(Extracted data entries)
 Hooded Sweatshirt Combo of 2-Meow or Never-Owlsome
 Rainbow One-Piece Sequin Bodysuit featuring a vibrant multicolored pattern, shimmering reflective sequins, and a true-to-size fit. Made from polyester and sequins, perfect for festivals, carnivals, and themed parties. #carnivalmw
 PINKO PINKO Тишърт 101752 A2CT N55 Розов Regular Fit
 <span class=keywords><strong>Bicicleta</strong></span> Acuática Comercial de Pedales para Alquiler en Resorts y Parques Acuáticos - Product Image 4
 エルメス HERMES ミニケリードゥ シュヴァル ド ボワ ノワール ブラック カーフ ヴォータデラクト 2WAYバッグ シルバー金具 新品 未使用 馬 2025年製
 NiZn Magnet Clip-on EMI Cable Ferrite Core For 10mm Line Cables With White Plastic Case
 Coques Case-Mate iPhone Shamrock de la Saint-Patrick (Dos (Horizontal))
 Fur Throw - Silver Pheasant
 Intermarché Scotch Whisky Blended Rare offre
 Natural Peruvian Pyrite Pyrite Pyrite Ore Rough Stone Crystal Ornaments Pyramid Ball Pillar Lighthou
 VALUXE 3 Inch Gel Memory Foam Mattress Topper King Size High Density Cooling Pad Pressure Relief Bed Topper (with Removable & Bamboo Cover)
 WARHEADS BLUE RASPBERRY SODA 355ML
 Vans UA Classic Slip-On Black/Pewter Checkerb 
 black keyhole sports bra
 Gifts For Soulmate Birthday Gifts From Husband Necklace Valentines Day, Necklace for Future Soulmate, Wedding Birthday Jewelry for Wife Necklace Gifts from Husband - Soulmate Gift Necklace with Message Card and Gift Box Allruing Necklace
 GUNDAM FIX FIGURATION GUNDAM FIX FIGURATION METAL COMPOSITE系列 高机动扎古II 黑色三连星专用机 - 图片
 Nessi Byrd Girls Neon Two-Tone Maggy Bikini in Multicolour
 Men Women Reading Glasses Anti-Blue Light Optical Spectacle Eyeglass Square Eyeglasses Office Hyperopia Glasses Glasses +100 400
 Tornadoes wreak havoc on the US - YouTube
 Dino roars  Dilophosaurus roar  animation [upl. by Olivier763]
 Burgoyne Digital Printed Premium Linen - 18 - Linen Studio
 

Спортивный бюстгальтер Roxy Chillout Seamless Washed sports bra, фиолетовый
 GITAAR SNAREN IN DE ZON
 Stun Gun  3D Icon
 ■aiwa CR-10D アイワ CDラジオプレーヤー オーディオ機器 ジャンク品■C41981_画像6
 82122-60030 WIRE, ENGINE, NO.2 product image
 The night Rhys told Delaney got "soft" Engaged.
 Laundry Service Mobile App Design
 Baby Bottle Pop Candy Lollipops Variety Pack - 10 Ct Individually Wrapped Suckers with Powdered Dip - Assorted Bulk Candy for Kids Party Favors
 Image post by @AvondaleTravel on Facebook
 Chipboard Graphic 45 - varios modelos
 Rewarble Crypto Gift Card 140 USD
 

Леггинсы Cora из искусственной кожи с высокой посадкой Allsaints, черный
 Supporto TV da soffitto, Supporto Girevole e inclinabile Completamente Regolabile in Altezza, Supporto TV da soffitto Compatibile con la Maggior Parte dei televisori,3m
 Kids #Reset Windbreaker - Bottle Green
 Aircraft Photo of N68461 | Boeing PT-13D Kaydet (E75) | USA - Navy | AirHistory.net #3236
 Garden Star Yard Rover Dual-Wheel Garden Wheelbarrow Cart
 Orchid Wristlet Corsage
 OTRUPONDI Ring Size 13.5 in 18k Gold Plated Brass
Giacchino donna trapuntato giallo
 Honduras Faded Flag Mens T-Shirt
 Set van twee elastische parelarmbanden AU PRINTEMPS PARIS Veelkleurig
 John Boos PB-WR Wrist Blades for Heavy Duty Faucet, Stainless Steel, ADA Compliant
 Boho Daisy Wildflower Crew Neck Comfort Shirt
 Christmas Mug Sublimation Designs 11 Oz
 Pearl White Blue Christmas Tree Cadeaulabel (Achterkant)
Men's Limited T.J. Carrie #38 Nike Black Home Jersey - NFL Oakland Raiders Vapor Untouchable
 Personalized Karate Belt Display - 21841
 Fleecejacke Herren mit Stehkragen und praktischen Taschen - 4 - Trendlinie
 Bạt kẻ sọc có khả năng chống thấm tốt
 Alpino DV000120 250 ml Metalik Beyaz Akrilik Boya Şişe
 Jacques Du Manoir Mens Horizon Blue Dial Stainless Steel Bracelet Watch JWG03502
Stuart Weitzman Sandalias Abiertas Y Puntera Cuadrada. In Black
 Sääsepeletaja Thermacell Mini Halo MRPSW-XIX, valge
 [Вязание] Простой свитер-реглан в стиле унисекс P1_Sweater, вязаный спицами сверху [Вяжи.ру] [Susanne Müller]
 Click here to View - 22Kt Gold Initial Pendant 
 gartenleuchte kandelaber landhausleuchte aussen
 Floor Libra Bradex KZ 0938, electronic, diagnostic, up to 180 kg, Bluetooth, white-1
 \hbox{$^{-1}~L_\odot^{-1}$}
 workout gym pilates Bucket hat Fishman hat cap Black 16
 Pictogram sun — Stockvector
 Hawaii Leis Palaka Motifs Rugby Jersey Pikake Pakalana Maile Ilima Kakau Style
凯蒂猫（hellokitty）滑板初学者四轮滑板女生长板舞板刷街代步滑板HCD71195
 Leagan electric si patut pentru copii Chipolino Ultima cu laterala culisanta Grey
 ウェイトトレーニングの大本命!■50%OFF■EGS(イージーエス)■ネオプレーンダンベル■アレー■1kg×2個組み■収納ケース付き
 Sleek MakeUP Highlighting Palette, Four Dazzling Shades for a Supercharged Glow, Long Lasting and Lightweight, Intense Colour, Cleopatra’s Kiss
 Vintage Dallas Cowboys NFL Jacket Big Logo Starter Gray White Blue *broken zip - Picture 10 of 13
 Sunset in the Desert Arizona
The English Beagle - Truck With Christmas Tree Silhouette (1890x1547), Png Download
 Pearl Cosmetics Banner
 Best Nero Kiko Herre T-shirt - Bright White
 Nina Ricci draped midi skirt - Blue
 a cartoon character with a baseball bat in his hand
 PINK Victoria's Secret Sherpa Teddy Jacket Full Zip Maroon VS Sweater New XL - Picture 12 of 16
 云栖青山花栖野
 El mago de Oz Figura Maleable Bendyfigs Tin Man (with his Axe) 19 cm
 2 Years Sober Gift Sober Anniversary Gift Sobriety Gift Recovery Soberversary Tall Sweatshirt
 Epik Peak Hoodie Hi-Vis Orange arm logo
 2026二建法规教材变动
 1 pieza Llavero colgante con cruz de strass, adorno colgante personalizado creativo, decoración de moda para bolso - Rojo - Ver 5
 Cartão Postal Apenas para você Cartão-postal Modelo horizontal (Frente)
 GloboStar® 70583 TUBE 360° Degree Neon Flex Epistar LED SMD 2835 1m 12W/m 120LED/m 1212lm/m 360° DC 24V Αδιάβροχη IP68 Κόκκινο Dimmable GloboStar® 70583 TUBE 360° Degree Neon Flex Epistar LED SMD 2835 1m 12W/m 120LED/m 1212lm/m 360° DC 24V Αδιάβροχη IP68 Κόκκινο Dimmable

§ WORK ORDER
The data must be retyped in full, exactly as it reads.

§ ANSWER FOR THE TASK
 Hooded Sweatshirt Combo of 2-Meow or Never-Owlsome
 Rainbow One-Piece Sequin Bodysuit featuring a vibrant multicolored pattern, shimmering reflective sequins, and a true-to-size fit. Made from polyester and sequins, perfect for festivals, carnivals, and themed parties. #carnivalmw
 PINKO PINKO Тишърт 101752 A2CT N55 Розов Regular Fit
 <span class=keywords><strong>Bicicleta</strong></span> Acuática Comercial de Pedales para Alquiler en Resorts y Parques Acuáticos - Product Image 4
 エルメス HERMES ミニケリードゥ シュヴァル ド ボワ ノワール ブラック カーフ ヴォータデラクト 2WAYバッグ シルバー金具 新品 未使用 馬 2025年製
 NiZn Magnet Clip-on EMI Cable Ferrite Core For 10mm Line Cables With White Plastic Case
 Coques Case-Mate iPhone Shamrock de la Saint-Patrick (Dos (Horizontal))
 Fur Throw - Silver Pheasant
 Intermarché Scotch Whisky Blended Rare offre
 Natural Peruvian Pyrite Pyrite Pyrite Ore Rough Stone Crystal Ornaments Pyramid Ball Pillar Lighthou
 VALUXE 3 Inch Gel Memory Foam Mattress Topper King Size High Density Cooling Pad Pressure Relief Bed Topper (with Removable & Bamboo Cover)
 WARHEADS BLUE RASPBERRY SODA 355ML
 Vans UA Classic Slip-On Black/Pewter Checkerb 
 black keyhole sports bra
 Gifts For Soulmate Birthday Gifts From Husband Necklace Valentines Day, Necklace for Future Soulmate, Wedding Birthday Jewelry for Wife Necklace Gifts from Husband - Soulmate Gift Necklace with Message Card and Gift Box Allruing Necklace
 GUNDAM FIX FIGURATION GUNDAM FIX FIGURATION METAL COMPOSITE系列 高机动扎古II 黑色三连星专用机 - 图片
 Nessi Byrd Girls Neon Two-Tone Maggy Bikini in Multicolour
 Men Women Reading Glasses Anti-Blue Light Optical Spectacle Eyeglass Square Eyeglasses Office Hyperopia Glasses Glasses +100 400
 Tornadoes wreak havoc on the US - YouTube
 Dino roars  Dilophosaurus roar  animation [upl. by Olivier763]
 Burgoyne Digital Printed Premium Linen - 18 - Linen Studio
 

Спортивный бюстгальтер Roxy Chillout Seamless Washed sports bra, фиолетовый
 GITAAR SNAREN IN DE ZON
 Stun Gun  3D Icon
 ■aiwa CR-10D アイワ CDラジオプレーヤー オーディオ機器 ジャンク品■C41981_画像6
 82122-60030 WIRE, ENGINE, NO.2 product image
 The night Rhys told Delaney got "soft" Engaged.
 Laundry Service Mobile App Design
 Baby Bottle Pop Candy Lollipops Variety Pack - 10 Ct Individually Wrapped Suckers with Powdered Dip - Assorted Bulk Candy for Kids Party Favors
 Image post by @AvondaleTravel on Facebook
 Chipboard Graphic 45 - varios modelos
 Rewarble Crypto Gift Card 140 USD
 

Леггинсы Cora из искусственной кожи с высокой посадкой Allsaints, черный
 Supporto TV da soffitto, Supporto Girevole e inclinabile Completamente Regolabile in Altezza, Supporto TV da soffitto Compatibile con la Maggior Parte dei televisori,3m
 Kids #Reset Windbreaker - Bottle Green
 Aircraft Photo of N68461 | Boeing PT-13D Kaydet (E75) | USA - Navy | AirHistory.net #3236
 Garden Star Yard Rover Dual-Wheel Garden Wheelbarrow Cart
 Orchid Wristlet Corsage
 OTRUPONDI Ring Size 13.5 in 18k Gold Plated Brass
Giacchino donna trapuntato giallo
 Honduras Faded Flag Mens T-Shirt
 Set van twee elastische parelarmbanden AU PRINTEMPS PARIS Veelkleurig
 John Boos PB-WR Wrist Blades for Heavy Duty Faucet, Stainless Steel, ADA Compliant
 Boho Daisy Wildflower Crew Neck Comfort Shirt
 Christmas Mug Sublimation Designs 11 Oz
 Pearl White Blue Christmas Tree Cadeaulabel (Achterkant)
Men's Limited T.J. Carrie #38 Nike Black Home Jersey - NFL Oakland Raiders Vapor Untouchable
 Personalized Karate Belt Display - 21841
 Fleecejacke Herren mit Stehkragen und praktischen Taschen - 4 - Trendlinie
 Bạt kẻ sọc có khả năng chống thấm tốt
 Alpino DV000120 250 ml Metalik Beyaz Akrilik Boya Şişe
 Jacques Du Manoir Mens Horizon Blue Dial Stainless Steel Bracelet Watch JWG03502
Stuart Weitzman Sandalias Abiertas Y Puntera Cuadrada. In Black
 Sääsepeletaja Thermacell Mini Halo MRPSW-XIX, valge
 [Вязание] Простой свитер-реглан в стиле унисекс P1_Sweater, вязаный спицами сверху [Вяжи.ру] [Susanne Müller]
 Click here to View - 22Kt Gold Initial Pendant 
 gartenleuchte kandelaber landhausleuchte aussen
 Floor Libra Bradex KZ 0938, electronic, diagnostic, up to 180 kg, Bluetooth, white-1
 \hbox{$^{-1}~L_\odot^{-1}$}
 workout gym pilates Bucket hat Fishman hat cap Black 16
 Pictogram sun — Stockvector
 Hawaii Leis Palaka Motifs Rugby Jersey Pikake Pakalana Maile Ilima Kakau Style
凯蒂猫（hellokitty）滑板初学者四轮滑板女生长板舞板刷街代步滑板HCD71195
 Leagan electric si patut pentru copii Chipolino Ultima cu laterala culisanta Grey
 ウェイトトレーニングの大本命!■50%OFF■EGS(イージーエス)■ネオプレーンダンベル■アレー■1kg×2個組み■収納ケース付き
 Sleek MakeUP Highlighting Palette, Four Dazzling Shades for a Supercharged Glow, Long Lasting and Lightweight, Intense Colour, Cleopatra’s Kiss
 Vintage Dallas Cowboys NFL Jacket Big Logo Starter Gray White Blue *broken zip - Picture 10 of 13
 Sunset in the Desert Arizona
The English Beagle - Truck With Christmas Tree Silhouette (1890x1547), Png Download
 Pearl Cosmetics Banner
 Best Nero Kiko Herre T-shirt - Bright White
 Nina Ricci draped midi skirt - Blue
 a cartoon character with a baseball bat in his hand
 PINK Victoria's Secret Sherpa Teddy Jacket Full Zip Maroon VS Sweater New XL - Picture 12 of 16
 云栖青山花栖野
 El mago de Oz Figura Maleable Bendyfigs Tin Man (with his Axe) 19 cm
 2 Years Sober Gift Sober Anniversary Gift Sobriety Gift Recovery Soberversary Tall Sweatshirt
 Epik Peak Hoodie Hi-Vis Orange arm logo
 2026二建法规教材变动
 1 pieza Llavero colgante con cruz de strass, adorno colgante personalizado creativo, decoración de moda para bolso - Rojo - Ver 5
 Cartão Postal Apenas para você Cartão-postal Modelo horizontal (Frente)
 GloboStar® 70583 TUBE 360° Degree Neon Flex Epistar LED SMD 2835 1m 12W/m 120LED/m 1212lm/m 360° DC 24V Αδιάβροχη IP68 Κόκκινο Dimmable GloboStar® 70583 TUBE 360° Degree Neon Flex Epistar LED SMD 2835 1m 12W/m 120LED/m 1212lm/m 360° DC 24V Αδιάβροχη IP68 Κόκκινο Dimmable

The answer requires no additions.